REPUBLIKA.CO.ID, YOGYAKARTA -- Problem pendidikan dasar di Indonesia hingga tahun ini masih berkutat pada pemerataan dan kualitas pendidikan. Terkait pemerataan ini ada 32 kabupaten di Indonesia yang angka partisipasi kasar (APK) pendidikan dasar masih di bawah 90 persen.
Bahkan dari 32 kabupaten ini 10 diantaranya APKnya di bawah 75 persen.

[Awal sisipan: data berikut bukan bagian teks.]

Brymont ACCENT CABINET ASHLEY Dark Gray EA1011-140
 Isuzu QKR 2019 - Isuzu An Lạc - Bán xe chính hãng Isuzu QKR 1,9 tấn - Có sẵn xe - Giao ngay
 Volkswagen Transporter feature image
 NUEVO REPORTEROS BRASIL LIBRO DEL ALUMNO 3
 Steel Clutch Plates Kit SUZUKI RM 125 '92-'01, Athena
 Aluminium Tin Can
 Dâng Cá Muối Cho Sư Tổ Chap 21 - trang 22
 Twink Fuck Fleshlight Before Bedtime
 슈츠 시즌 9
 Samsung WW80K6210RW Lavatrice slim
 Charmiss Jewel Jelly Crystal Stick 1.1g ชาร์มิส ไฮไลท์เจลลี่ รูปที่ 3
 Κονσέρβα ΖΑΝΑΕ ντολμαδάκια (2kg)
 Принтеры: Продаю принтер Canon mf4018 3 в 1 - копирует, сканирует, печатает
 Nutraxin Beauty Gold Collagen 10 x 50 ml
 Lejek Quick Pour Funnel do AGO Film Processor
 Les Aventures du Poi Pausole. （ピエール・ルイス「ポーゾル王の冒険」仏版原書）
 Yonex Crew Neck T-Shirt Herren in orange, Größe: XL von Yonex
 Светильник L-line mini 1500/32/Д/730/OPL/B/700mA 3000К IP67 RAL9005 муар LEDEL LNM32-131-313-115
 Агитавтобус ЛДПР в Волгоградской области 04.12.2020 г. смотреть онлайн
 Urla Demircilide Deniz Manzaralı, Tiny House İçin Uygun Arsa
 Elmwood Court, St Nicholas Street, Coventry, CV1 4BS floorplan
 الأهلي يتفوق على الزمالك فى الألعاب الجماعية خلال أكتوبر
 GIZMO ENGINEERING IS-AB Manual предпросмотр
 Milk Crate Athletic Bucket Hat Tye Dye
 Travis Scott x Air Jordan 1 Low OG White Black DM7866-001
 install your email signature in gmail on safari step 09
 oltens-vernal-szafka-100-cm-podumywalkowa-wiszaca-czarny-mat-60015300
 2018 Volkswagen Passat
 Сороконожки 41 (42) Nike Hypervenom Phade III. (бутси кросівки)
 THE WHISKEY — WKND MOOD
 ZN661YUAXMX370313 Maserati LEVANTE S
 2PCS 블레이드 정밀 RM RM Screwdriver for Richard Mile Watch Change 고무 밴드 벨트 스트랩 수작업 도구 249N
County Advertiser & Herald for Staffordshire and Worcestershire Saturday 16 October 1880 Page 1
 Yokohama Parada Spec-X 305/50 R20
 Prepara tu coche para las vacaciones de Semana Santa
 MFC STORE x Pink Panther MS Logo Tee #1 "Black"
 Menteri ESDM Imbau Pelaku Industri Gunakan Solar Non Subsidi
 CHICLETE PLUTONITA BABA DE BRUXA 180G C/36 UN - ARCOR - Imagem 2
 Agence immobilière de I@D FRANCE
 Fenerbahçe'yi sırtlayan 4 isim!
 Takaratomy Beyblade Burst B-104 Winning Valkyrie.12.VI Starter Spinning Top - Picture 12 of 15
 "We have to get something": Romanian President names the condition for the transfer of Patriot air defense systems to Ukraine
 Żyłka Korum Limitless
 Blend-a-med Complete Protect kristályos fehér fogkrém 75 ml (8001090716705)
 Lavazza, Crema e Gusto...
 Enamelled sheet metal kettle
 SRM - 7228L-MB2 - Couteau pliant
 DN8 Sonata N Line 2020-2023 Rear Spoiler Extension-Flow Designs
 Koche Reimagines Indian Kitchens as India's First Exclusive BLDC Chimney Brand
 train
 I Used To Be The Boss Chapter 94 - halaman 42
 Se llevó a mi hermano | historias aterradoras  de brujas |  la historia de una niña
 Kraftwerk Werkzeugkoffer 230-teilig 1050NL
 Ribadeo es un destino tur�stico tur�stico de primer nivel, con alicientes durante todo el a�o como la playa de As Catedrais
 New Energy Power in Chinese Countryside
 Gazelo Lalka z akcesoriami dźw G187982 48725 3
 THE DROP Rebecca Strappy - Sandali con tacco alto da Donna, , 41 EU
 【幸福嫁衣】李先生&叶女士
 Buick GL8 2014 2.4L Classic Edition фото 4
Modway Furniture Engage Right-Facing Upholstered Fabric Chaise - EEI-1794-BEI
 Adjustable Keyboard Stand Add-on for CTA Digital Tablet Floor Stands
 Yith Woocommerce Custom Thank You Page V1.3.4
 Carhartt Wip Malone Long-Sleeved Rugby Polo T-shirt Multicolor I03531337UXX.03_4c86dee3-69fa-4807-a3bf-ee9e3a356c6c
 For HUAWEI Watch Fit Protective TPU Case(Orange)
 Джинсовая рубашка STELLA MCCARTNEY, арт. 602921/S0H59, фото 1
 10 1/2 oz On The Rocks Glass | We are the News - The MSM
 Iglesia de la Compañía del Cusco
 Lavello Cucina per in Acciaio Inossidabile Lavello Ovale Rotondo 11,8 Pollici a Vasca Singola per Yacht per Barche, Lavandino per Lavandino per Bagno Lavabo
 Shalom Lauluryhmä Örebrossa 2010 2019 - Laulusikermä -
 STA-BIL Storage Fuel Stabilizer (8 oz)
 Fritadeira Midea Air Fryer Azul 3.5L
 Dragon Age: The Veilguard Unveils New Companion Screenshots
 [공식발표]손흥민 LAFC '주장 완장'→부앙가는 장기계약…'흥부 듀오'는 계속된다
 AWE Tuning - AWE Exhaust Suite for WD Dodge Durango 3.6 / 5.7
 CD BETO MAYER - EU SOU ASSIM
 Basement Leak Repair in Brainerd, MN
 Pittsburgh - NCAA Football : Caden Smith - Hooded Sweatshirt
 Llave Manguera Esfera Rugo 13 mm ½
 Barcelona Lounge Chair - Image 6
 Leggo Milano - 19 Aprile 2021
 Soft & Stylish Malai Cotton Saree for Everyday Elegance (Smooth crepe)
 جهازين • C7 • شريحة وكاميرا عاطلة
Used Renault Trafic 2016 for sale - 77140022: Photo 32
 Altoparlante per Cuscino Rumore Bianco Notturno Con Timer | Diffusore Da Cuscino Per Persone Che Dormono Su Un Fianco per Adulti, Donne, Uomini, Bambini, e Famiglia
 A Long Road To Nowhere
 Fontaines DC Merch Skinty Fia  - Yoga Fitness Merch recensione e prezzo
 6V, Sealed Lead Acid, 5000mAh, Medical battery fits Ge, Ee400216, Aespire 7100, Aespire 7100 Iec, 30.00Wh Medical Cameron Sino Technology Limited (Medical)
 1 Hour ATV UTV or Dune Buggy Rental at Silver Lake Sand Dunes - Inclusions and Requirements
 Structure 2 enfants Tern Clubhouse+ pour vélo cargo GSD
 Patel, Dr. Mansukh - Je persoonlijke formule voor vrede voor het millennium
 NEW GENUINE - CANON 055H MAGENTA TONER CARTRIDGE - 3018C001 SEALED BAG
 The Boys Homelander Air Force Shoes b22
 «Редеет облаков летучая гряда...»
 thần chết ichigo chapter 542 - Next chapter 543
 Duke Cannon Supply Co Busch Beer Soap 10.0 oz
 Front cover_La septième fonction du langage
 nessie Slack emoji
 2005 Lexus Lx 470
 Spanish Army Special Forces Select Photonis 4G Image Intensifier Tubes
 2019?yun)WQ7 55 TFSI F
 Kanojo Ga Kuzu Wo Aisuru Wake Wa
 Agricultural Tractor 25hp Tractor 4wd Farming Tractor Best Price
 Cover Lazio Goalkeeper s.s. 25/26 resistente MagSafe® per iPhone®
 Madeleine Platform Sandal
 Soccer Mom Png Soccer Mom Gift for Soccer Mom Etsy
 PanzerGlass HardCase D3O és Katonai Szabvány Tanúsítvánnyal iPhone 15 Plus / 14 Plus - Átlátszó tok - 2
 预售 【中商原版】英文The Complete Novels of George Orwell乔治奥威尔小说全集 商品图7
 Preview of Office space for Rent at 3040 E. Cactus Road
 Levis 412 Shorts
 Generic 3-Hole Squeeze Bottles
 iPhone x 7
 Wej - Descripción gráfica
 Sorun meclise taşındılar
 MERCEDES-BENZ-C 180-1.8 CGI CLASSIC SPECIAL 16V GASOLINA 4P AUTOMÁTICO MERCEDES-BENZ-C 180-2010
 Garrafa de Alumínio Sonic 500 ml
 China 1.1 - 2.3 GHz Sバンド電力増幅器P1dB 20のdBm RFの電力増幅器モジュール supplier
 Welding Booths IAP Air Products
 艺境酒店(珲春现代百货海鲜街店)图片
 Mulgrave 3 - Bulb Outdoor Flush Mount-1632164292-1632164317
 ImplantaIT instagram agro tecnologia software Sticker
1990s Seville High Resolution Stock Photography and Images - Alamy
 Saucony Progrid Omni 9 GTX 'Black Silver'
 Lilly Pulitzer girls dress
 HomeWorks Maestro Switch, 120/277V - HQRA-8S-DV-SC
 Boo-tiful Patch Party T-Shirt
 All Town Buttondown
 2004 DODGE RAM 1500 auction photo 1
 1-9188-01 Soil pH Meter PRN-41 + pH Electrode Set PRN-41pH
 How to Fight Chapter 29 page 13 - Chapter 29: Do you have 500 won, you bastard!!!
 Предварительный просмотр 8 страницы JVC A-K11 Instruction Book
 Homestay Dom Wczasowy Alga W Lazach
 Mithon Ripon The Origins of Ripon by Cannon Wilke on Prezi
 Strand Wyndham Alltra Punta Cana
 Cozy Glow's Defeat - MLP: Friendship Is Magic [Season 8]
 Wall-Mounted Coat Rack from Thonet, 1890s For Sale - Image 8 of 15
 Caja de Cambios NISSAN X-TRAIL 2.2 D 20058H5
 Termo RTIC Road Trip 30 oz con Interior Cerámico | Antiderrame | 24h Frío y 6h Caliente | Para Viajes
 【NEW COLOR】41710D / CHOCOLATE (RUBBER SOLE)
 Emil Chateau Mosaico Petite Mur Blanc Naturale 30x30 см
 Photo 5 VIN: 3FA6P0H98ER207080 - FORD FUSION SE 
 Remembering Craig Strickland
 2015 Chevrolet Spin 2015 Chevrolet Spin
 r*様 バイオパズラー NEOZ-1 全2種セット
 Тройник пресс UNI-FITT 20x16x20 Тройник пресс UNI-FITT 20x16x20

"Maknanya masih banyak anak-anak usia SD yang belum menempuh pendidikan dasar. Dan angka ini masih ditambah adanya 300 ribu anak SD yang //drop out// setiap tahunnya," kata Direktur Pembinaan SD Kemendikbud, Ibrahim Bafadal pada Workshop International Membangun "Dynamic and Positive Learning Environment" di Sekoah sebagai Wujud Implementasi Gerakan Sekolah yang Menyenangkan di Islamic Center Universitas Ahmad Dahlan (UAD) Yogyakarta, Selasa (9/6).
Workshop ini digelar FKIP UAD dengan perhimpunan Indonesia belajar dan Clayton North Primary School Australia. FKIP UAD akan membina beberapa SD milik Muhammadiyah di DI Yogyakarta agar menerapkan prinsip sekolah menyenangkan pasca acara tersebut. Bahkan untuk itu FKIP UAD menandatangani kerja sama dengan kedua lembaga tersebut.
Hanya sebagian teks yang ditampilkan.